| Dataset section |
+--

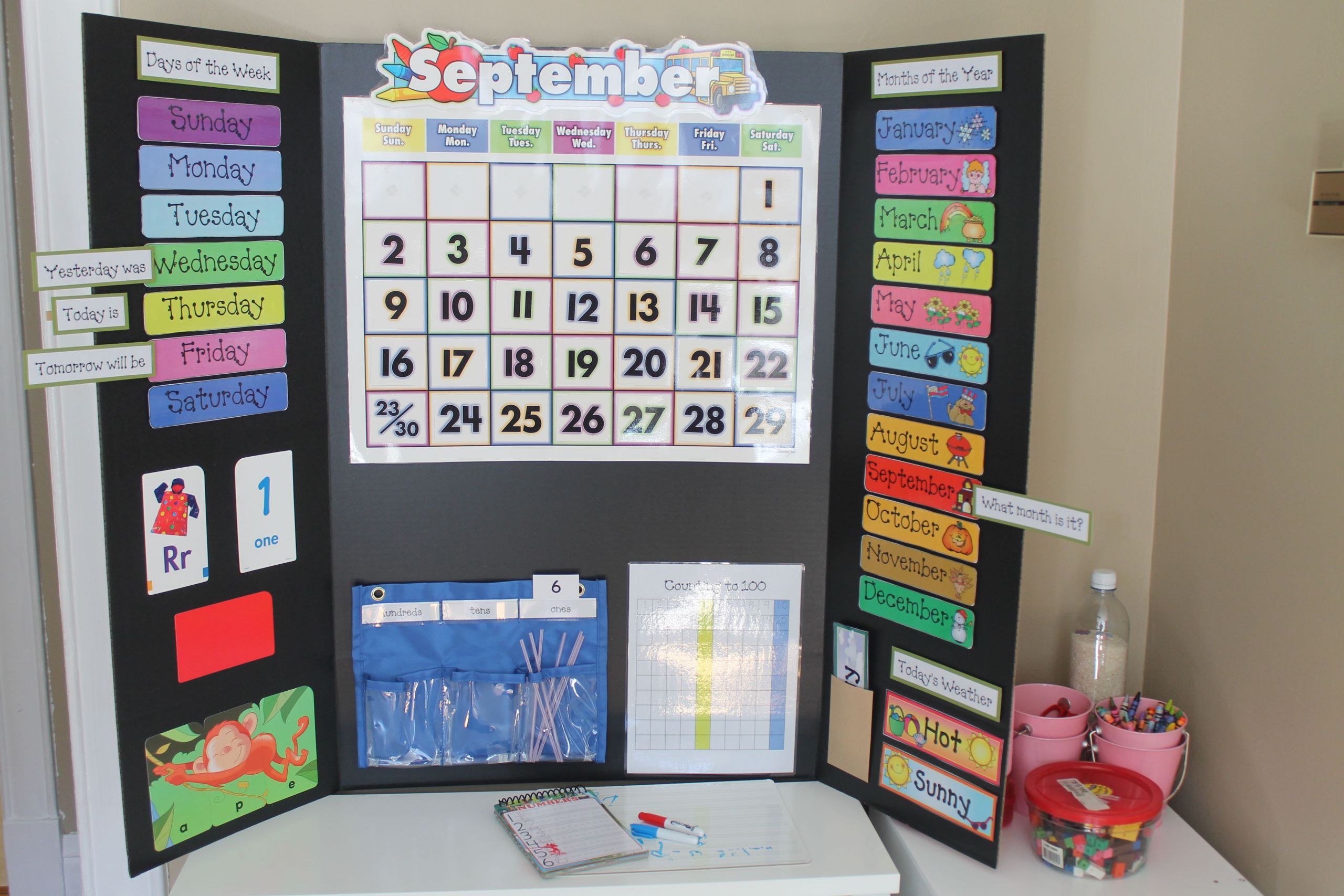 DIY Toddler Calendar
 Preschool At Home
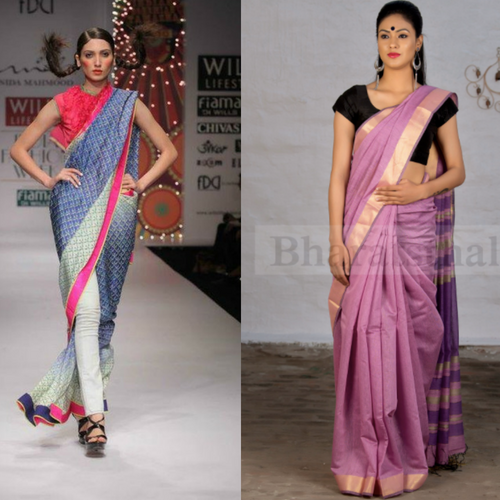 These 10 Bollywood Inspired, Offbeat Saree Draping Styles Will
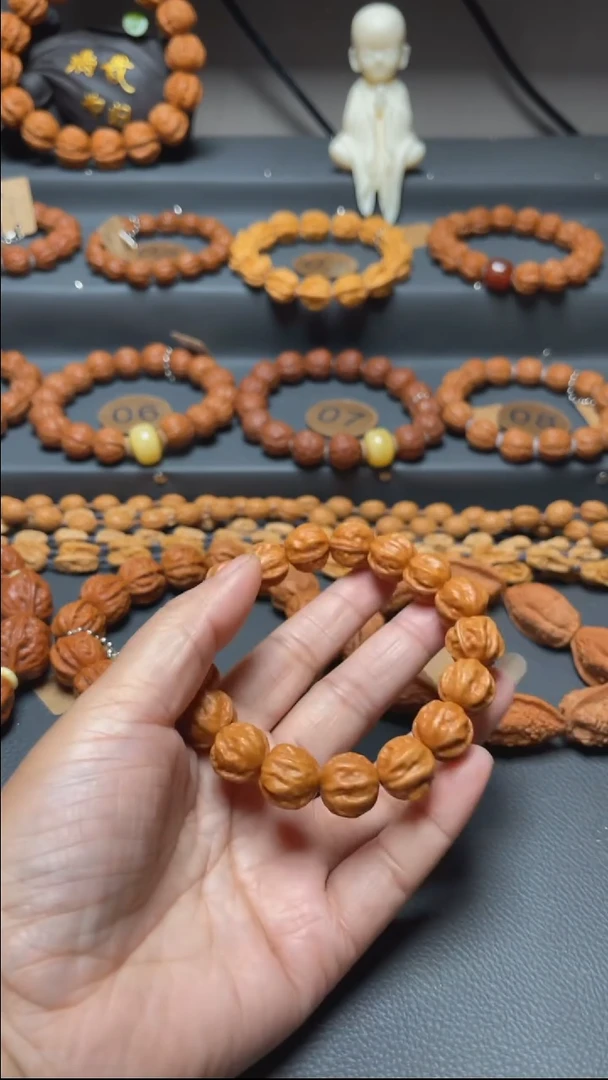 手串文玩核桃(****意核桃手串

+--

| Problem statement |
Without the pictures, repeat the listing exactly as it reads.

| Response to the task |
 DIY Toddler Calendar
 Preschool At Home
 These 10 Bollywood Inspired, Offbeat Saree Draping Styles Will
 手串文玩核桃(****意核桃手串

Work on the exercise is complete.